Crawled caption data:
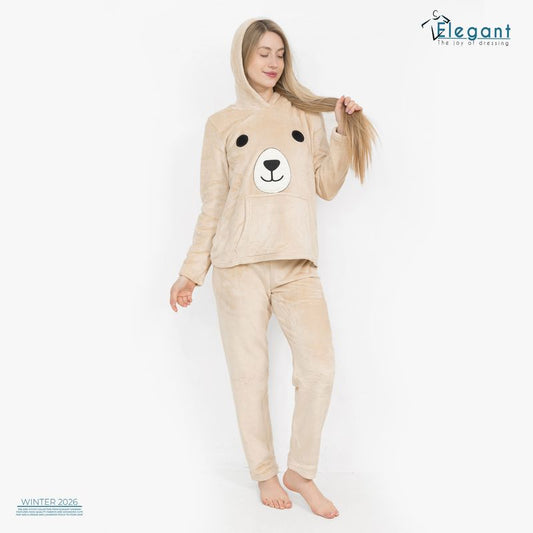 Polar Hoodie PJ Beige - Polar Bear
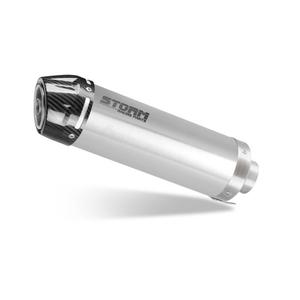 2 Auspuffendstücke STORM GP K.010.LXSC Stainless Steel with carbon cap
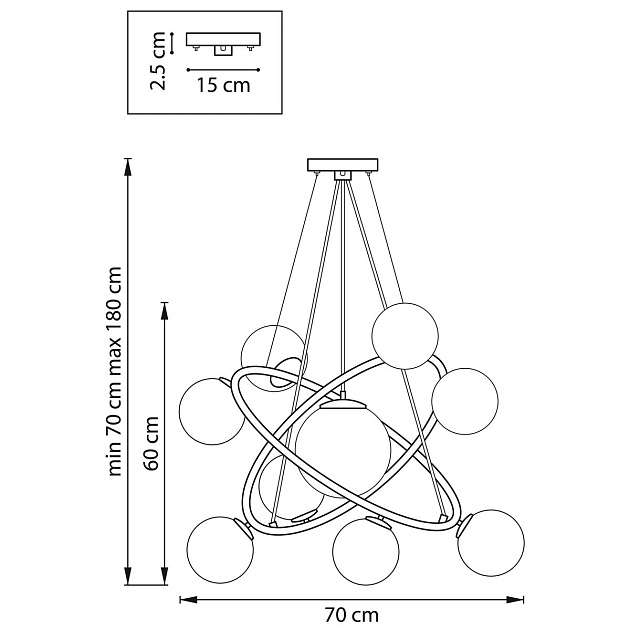 Подвесная люстра Lightstar Croco 815397 Фото № 2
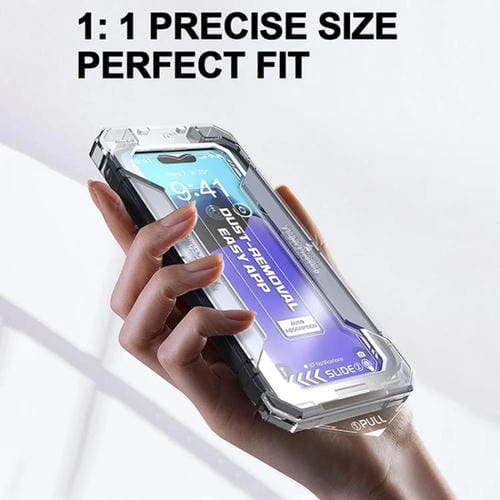 Película de Vidrio Templado HD para iPhone 12 Pro Max Fácil Instalación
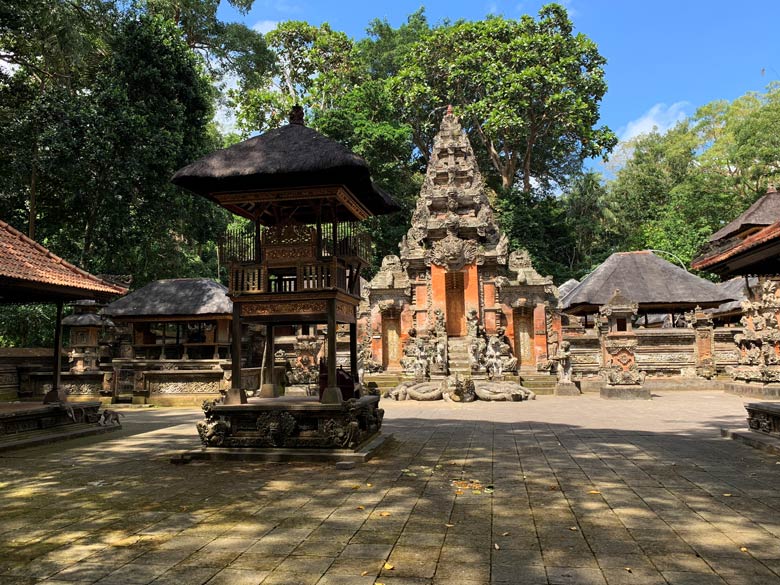 Tempel Monkey Forest Ubud Bali Indonesien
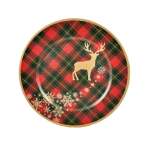 Checkered Underplate With Reindeer 32CM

_WHAT IS BEING ASKED_.
Once the line holding "Подвесная люстра Lightstar" is found, set it down along with every line after it through the end of the entries, exactly, leaving the pictures out.

_EXERCISE RESPONSE_.
 Подвесная люстра Lightstar Croco 815397 Фото № 2
 Película de Vidrio Templado HD para iPhone 12 Pro Max Fácil Instalación
 Tempel Monkey Forest Ubud Bali Indonesien
 Checkered Underplate With Reindeer 32CM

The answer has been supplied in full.